Taking the endpoint me/accounts
as an example. A request can be made as follows:
const { body } = await got.get('https://graph.facebook.com/v6.0/me/accounts', {
searchParams: {
access_token: '<access_token>',
fields: 'id,name',
limit: 1
},
responseType: 'json'
});
Here is the response body for this request:
{
"data": [
{
"id": "<id>",
"name": "<name>"
}
],
"paging": {
"cursors": {
"before": "<cursor_before>",
"after": "<cursor_after>"
},
"next": "https://graph.facebook.com/v6.0/<id>/accounts?access_token=<redacted>&fields=id%2Cname&limit=1&after=<cursor_after>"
}
}
Notice that paging.next
returns the entire URL that should be used to fetch the next set of data. This URL contains an after
search param cursor which is used to paginate.

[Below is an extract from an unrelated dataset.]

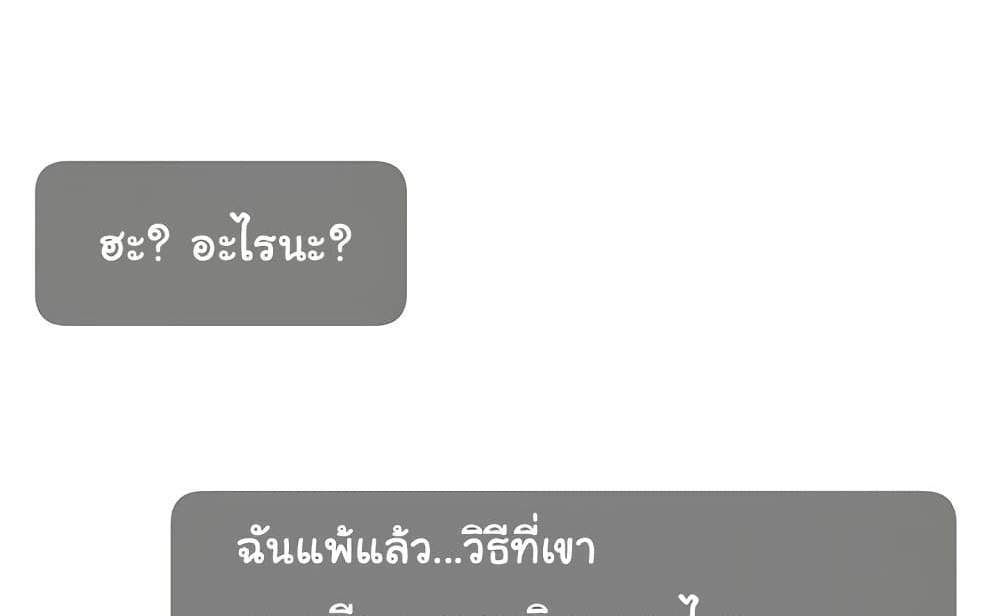 Making Friends With Streamers by Hacking! แปลไทย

So now let's hook up the pagination API:
const accounts = await got.paginate.all('https://graph.facebook.com/v6.0/me/accounts', {
searchParams: {
access_token: '<access_token>',
fields: 'id,name',
limit: 1
},
responseType: 'json',
pagination: {
transform: (response) => response.body.data,
paginate: (response) => {
const { paging } = response.body;
if(!paging.next) {
// As per the Facebook docs, if there is no `next`, there is no more data.
return false;
}
// Otherwise, we should return the whole URL.
return {
url: paging.next
};
}
}
});
This almost works, but the issue is that the specified searchParams
in the options takes precedence over the query string parameters in the paging.next
url that is set in the returned url
property. As a result, the after
search param which is present in paging.next
is ignored.
The workaround is to return both a url and a blank string as the searchParams from the paginate
function:
return {
url: paging.next,
searchParams: '' // undefined / null / {} does not work here, it has to be a blank string
};
This is also an issue for other options such as prefixUrl
, which need to be set to the empty string to ensure that got does not include them in subsequent paged requests.

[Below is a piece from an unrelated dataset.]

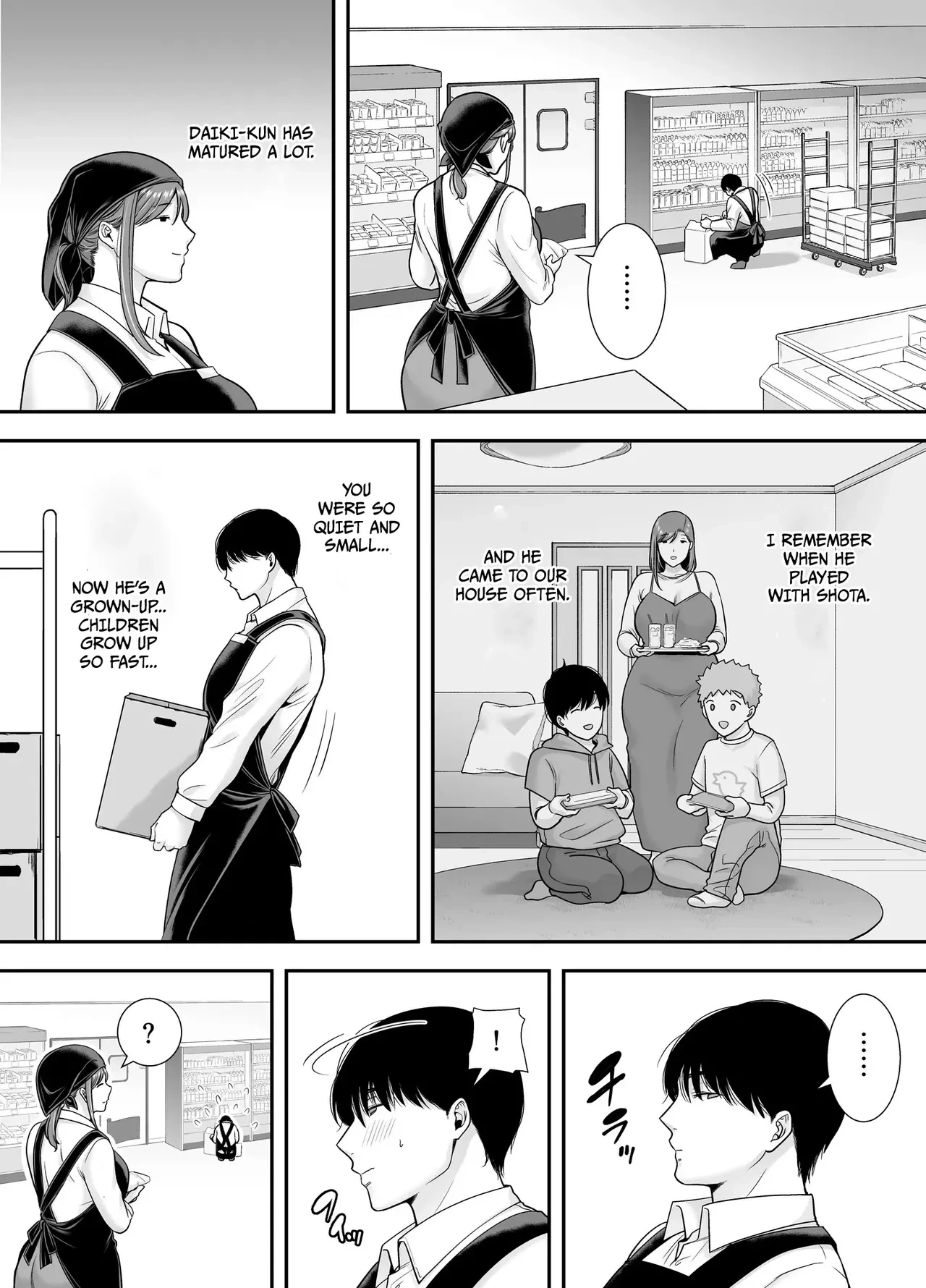 หน้า 4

I wonder if there needs to be a way for got to accept a full URL as a return from the paginate
function, and to use that URL as-is (with no merging of previous options). I imagine the system that Facebook has in place is not atypical.
You sure?
Sorry you are right. VSCode didn't seem to pick this up via auto importing. Thanks for clarifying ๐
VSCode didn't seem to pick this up via auto importing
Sometimes I experience this too with other TS projects.

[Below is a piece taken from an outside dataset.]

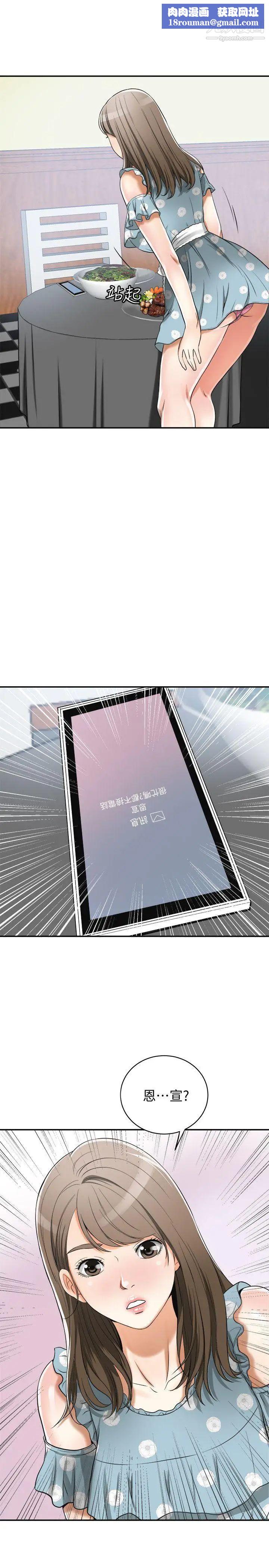 我要抢走她第21话-仁奎哥，这个女人是谁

This almost works, but the issue is that the specified searchParams in the options takes precedence over the query string parameters in the paging.next url that is set in the returned url property.
That works as intended. It's in the docs. searchParams
override the ones in the URL. But an empty string should still replace the query string in the URL. Setting that to undefined
should fix this. If it doesn't, please make an issue about this.
This is also an issue for other options such as prefixUrl
That works as intended too. You can avoid this behavior by passing url: new URL(next)
.
Setting that to undefined should fix this. If it doesn't, please make an issue about this.
Strangely, setting to undefined
causes the original searchParams
to be added to the URL again for the second page. I don't have enough data to test against subsequent pages but I suspect the params would continue to be duplicated for each subsequent page. Setting to ''
(empty string) was the only thing I could get to work.
I will submit an issue.
You can avoid this behavior by passing url: new URL(next)
Thanks for the tip! That works nicely.
There are two more relevant issues:
Any feedback is greatly appreciated โค๏ธ
For now I simply do the following until I wrap my head around pagination
const clusters = await got.get(url, options);
response.send(JSON.parse(clusters.body).value);
great module! thanks!
Would it make sense for got.paginate
to act as an event emitter or a readable stream?
We use pagination to query various rest API which will typically return thousands of records, and most of the time the goal is "per record" processing/transformation. In such use cases, we would rather have got.paginate
not to produce a final result but to consume records (or chunks of records) as they arrive.
One possible approach (and perhaps recommended) could be to use pagination.filter
:
- to emit an event or push into a readable stream
- filter out the record (
got.paginate
needs not waste resources in stacking "processed" records)
Working at the pagination.transform
level would allow emitting "chunks" of records (at this point I am unsure if working with chunks or single records would be more resource efficient)... but it feel messy/kludgy.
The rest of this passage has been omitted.